:: INFORMATION SHOWN ::
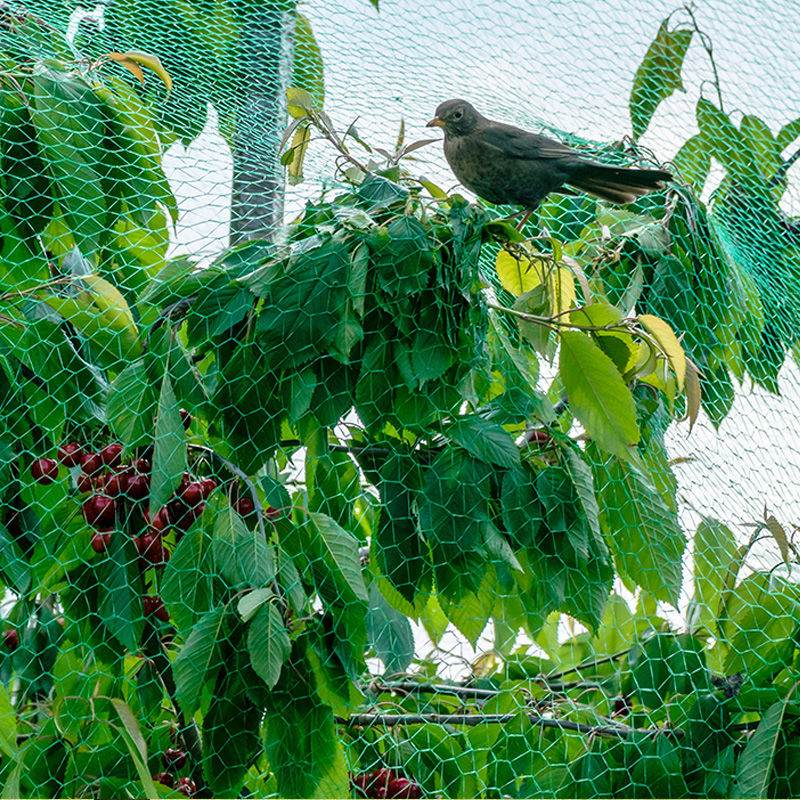 Peran jaring anti burung kebun dan cara memilih jaring anti burung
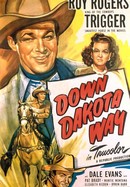 Down Dakota Way poster image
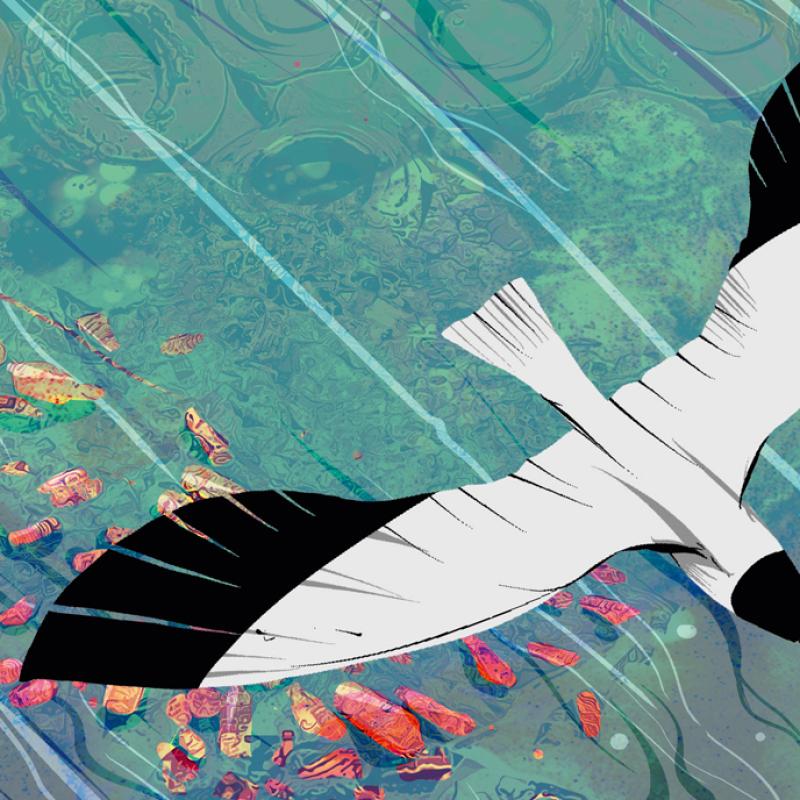 Illustration von zwei Vögeln, die über ein Meer mit sichtbarer Müllverschmutzung wie Plastikflaschen und Plastiktüten fliegen. Das Bild soll auf die Verschmutzung der Meere aufmerksam machen.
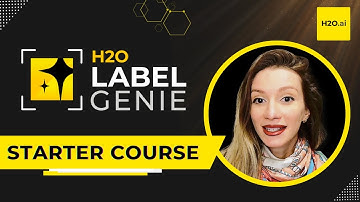 Revolutionizing Data Annotation | H2O Label Genie Starter Track - Teaser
:::
Exact repetition of the data is needed, with no images retained.

▶ REPLY:
 Peran jaring anti burung kebun dan cara memilih jaring anti burung
 Down Dakota Way poster image
 Illustration von zwei Vögeln, die über ein Meer mit sichtbarer Müllverschmutzung wie Plastikflaschen und Plastiktüten fliegen. Das Bild soll auf die Verschmutzung der Meere aufmerksam machen.
 Revolutionizing Data Annotation | H2O Label Genie Starter Track - Teaser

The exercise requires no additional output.